Exercise is good for everyone, but it doesn't affect us all in the same ways: some people might see boosts in levels of endurance, while others benefit from better blood sugar levels. Now scientists think they may have discovered one of the reasons why.

In a new study, 654 adults with a mostly sedentary lifestyle were put through a 20-week endurance exercise program, while the levels of around 5,000 different proteins in their blood were analyzed from samples.

The researchers identified hundreds of proteins corresponding to someone's 'trainability', or how well they're going to respond to exercise – findings that could lead to more personalized and effective training regimes, as well as help experts to tackle disease.

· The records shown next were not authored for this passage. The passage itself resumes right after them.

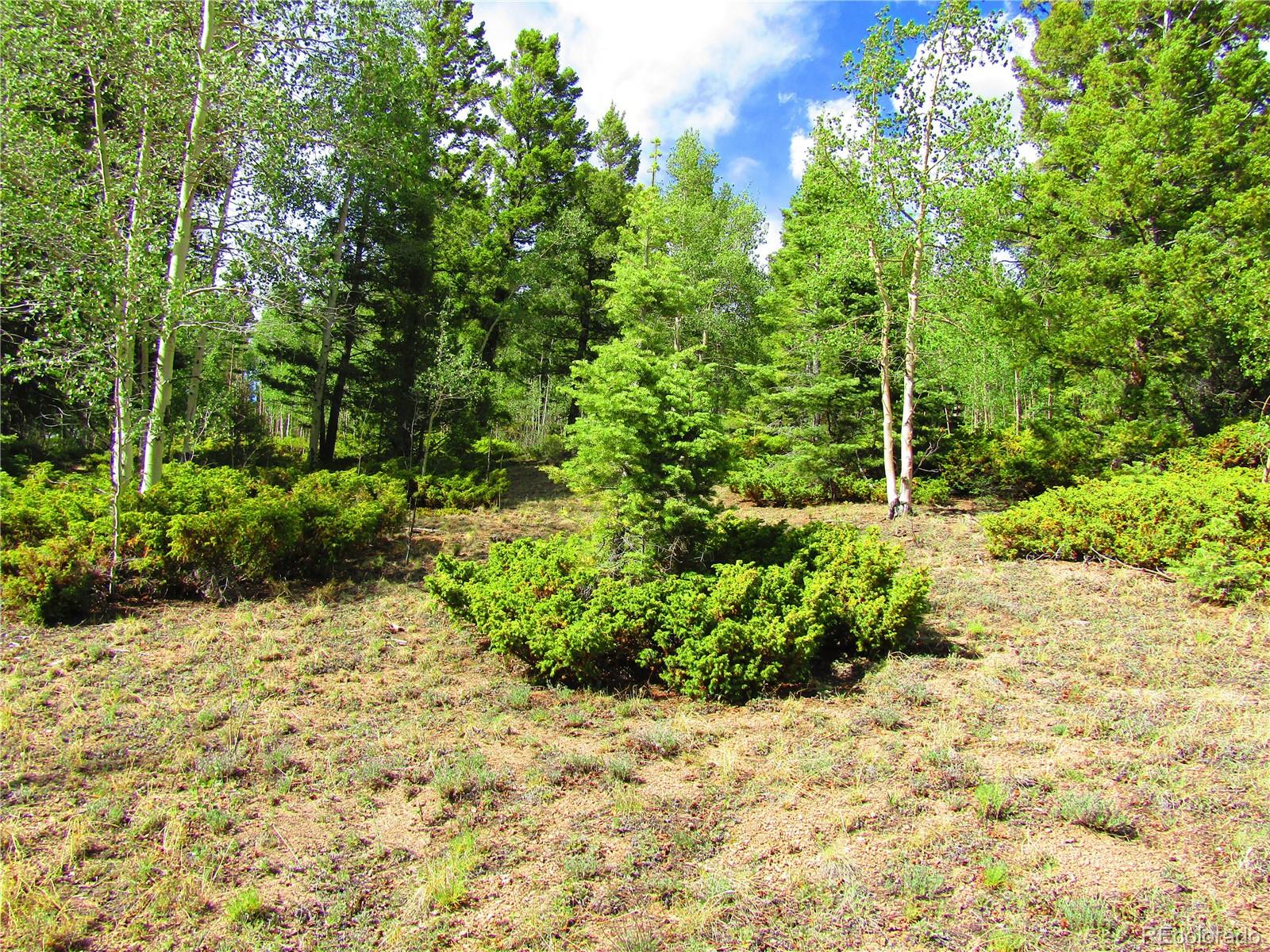 Lot 6093 Forbes Road San Luis, CO 81152 - Photo 6 of 14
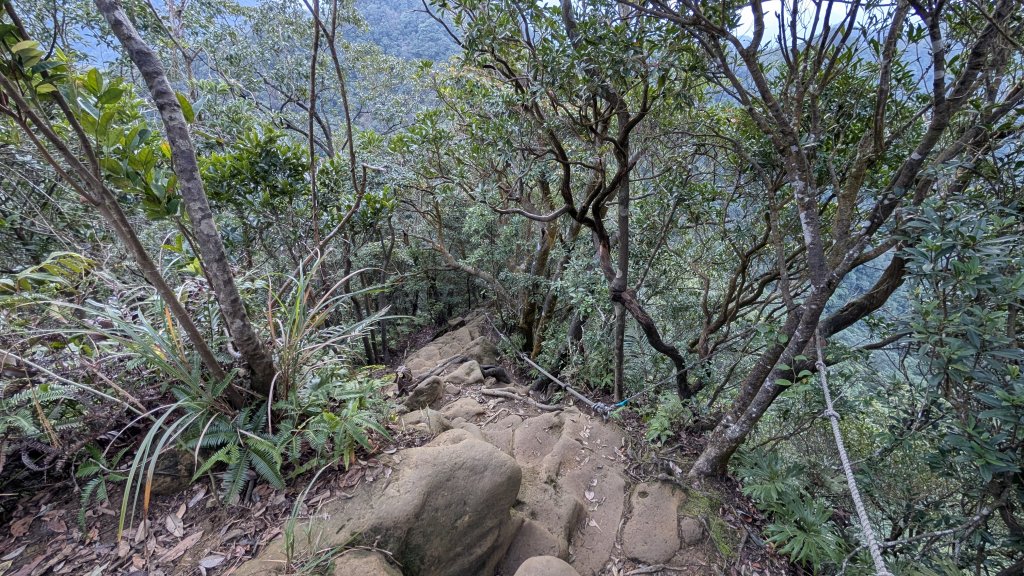 114.12.14黃帝殿西峰-天王峰-黃帝殿東峰之旅_2962102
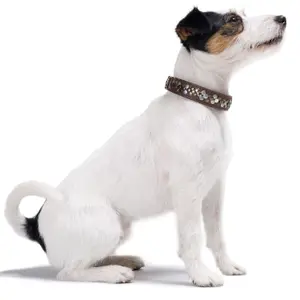 Coleira cão Hunter Arizona Up image-3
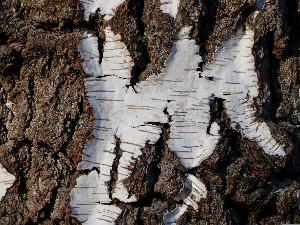 Смола брезе није била само "праисторијски лепак" - јесу ли је неандерталци користили и као лек 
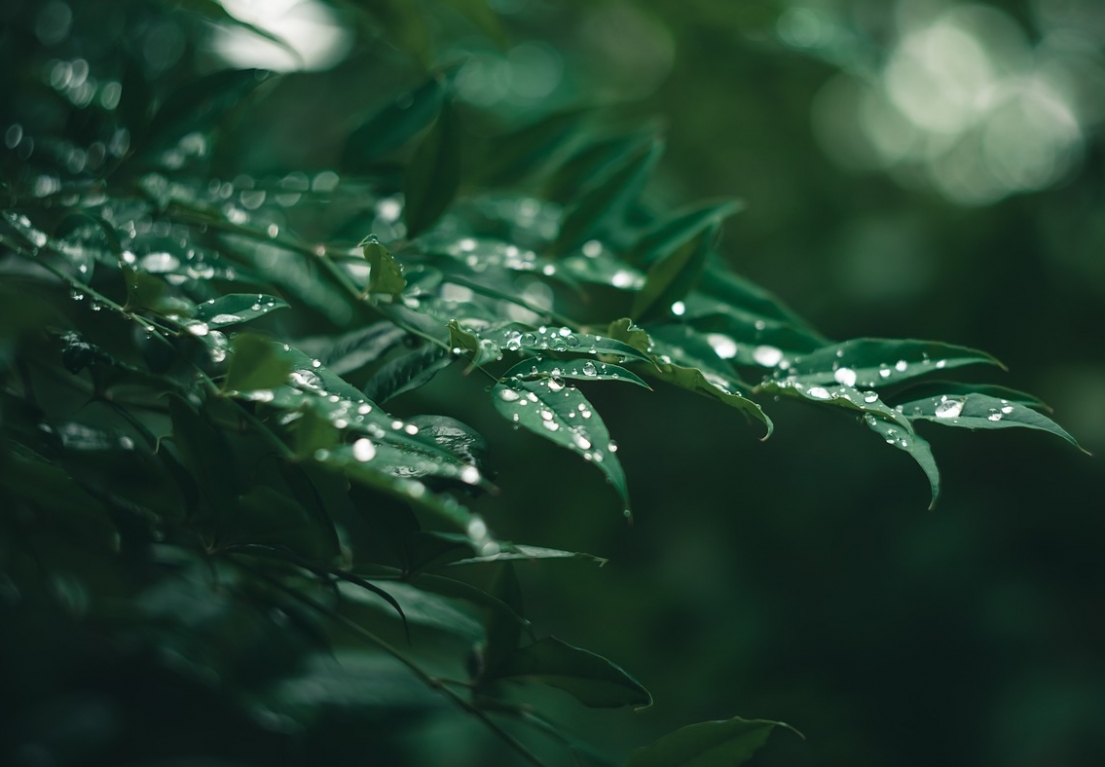 Piknik Rodzinny Komunikacji Miejskiej w Płocku odwołany z powodu złych warunków atmosferycznych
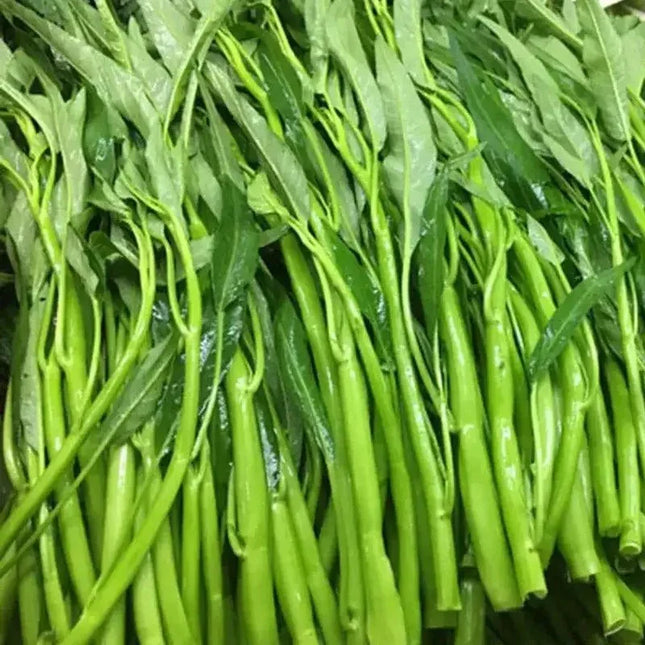 50 Water Spinach Seeds - Seed World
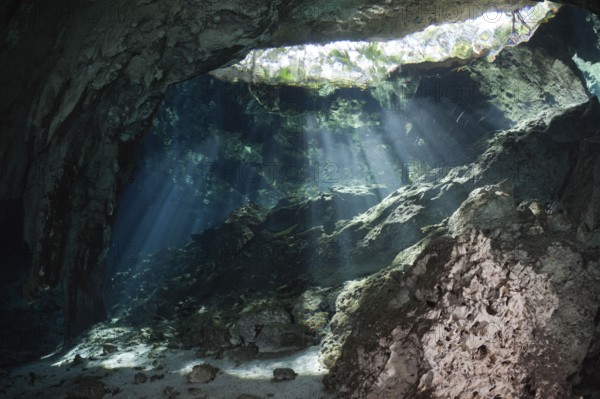 Gran Cenote underwater cave, Yucatan Peninsula, underwater cave, Mexico, Central America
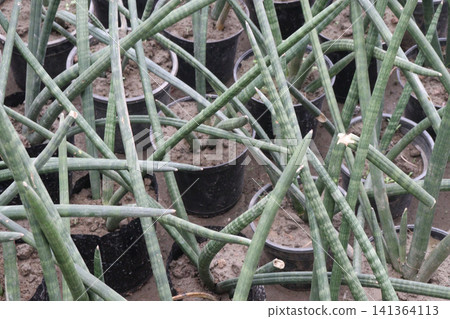 Sansevieria cylindrica leaf and succulent plant Sansevieria cylindrica leaf and succulent plant 141364113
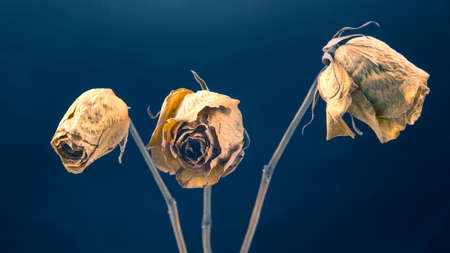 dry rose on dark background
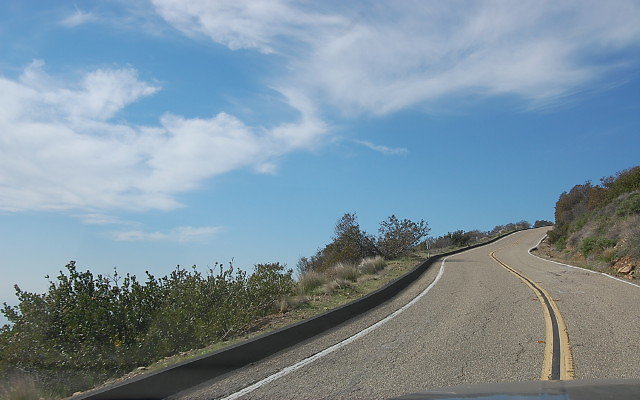 DSC 0239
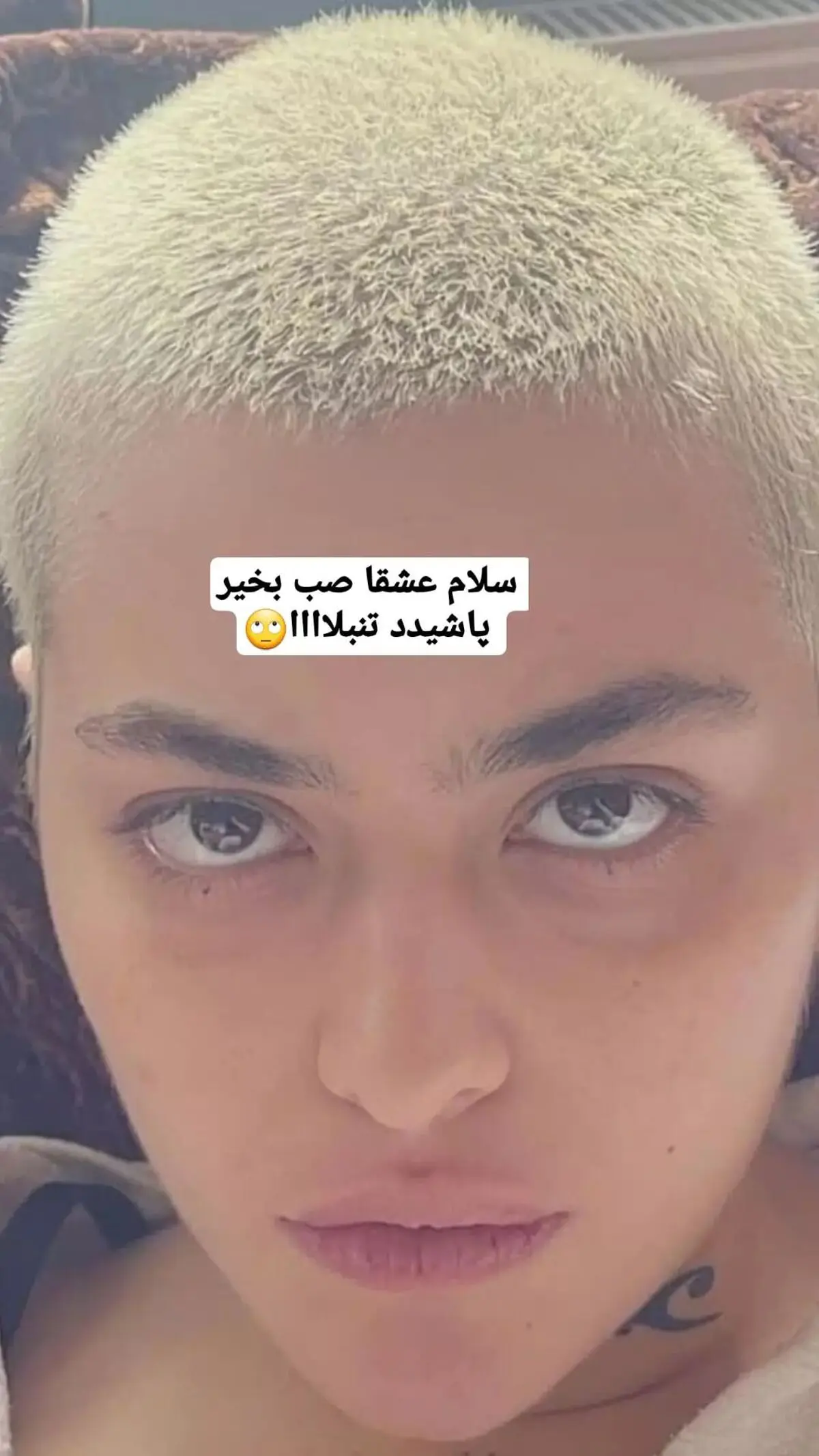 ریحانه پارسا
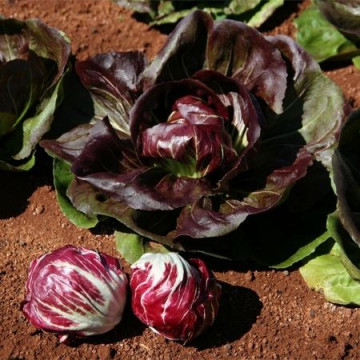 Indigo (5.000 seminte) radicchio rosso ce prezinta maturitate timpurie si o buna uniformitate cu capatani mici ce sunt ideale in prepararea unei salate, Bejo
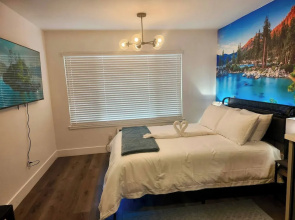 Near Airport, Hospital, 58 TV Apt 151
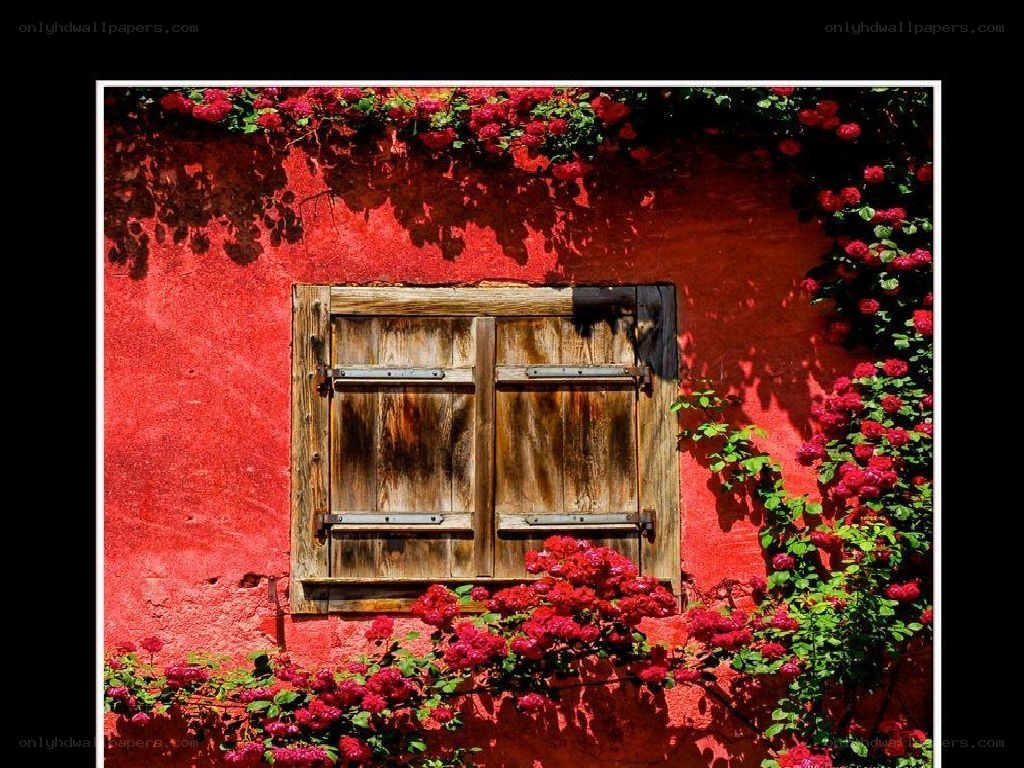 Red wall with wooden shutters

"While groups as a whole benefit from exercise, the variability in responses between any two individuals undergoing the very same exercise regimen is actually quite striking," says Robert Gerszten, chief of cardiovascular medicine at the Beth Israel Deaconess Medical Center (BIDMC).

"To date, no aspects of an individual's baseline clinical profile allow us to predict beforehand who is most likely to derive a significant cardiorespiratory fitness benefit from exercise training."

A total of 147 proteins were linked to cardiorespiratory fitness, technically known as VO2max: it measures how much oxygen your whole body can use and transfer to your muscles. The greater the value, the fitter you are (if you've got a fancy smartwatch, it might be able to measure VO2max for you).

The team was also able to identify 102 proteins related to the change in VO2max once the exercise program had been completed. These proteins were then worked up into a score that predicted an individual's trainability – how much of a shift in VO2max the training would bring about.

Using the score, the researchers were able to pick out the study volunteers whose VO2max or cardiorespiratory fitness level wouldn't get much of a boost from the endurance exercises – useful information to have when it comes to trying to improve your fitness.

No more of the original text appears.